* [Brief]: Across the records below, count the lines that contain "Womens" and write down only the count.

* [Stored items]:

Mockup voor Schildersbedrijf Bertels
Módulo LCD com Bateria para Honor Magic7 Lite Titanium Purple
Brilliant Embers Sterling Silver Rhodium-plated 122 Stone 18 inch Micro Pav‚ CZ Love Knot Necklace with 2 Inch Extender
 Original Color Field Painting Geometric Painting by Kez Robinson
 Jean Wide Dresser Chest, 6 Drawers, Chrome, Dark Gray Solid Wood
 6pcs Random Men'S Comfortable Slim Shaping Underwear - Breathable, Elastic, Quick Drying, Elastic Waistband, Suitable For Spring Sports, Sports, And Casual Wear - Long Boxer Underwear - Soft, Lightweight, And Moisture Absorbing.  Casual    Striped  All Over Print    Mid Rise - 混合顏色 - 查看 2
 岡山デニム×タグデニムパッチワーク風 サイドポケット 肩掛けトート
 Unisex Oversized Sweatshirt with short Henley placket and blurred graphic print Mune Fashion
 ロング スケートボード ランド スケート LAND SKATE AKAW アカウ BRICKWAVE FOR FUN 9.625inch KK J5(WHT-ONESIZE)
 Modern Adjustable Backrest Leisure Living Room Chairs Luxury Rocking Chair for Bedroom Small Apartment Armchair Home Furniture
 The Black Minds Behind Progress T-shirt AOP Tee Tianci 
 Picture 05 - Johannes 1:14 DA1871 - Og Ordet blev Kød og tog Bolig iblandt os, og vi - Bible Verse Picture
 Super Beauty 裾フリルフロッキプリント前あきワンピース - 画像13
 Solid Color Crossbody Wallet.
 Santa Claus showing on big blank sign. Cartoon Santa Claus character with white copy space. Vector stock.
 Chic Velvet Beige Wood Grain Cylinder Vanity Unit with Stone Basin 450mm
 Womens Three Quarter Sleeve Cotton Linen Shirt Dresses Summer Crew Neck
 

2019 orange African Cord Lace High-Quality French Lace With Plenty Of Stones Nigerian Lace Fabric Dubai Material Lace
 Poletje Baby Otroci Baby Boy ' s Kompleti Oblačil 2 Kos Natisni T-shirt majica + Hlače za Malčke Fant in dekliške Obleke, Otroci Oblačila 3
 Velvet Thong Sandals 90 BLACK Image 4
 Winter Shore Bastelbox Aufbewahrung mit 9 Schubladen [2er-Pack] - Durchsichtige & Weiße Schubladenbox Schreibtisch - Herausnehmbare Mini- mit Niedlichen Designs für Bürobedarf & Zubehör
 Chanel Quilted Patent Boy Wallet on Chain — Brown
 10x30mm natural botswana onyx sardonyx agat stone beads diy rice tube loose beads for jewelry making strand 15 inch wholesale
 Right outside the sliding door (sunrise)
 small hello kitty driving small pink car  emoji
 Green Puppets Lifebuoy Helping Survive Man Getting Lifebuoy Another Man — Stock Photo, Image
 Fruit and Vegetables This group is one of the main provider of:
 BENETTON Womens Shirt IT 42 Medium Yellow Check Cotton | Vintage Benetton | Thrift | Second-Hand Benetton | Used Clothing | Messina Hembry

* [Reply to the task]: 2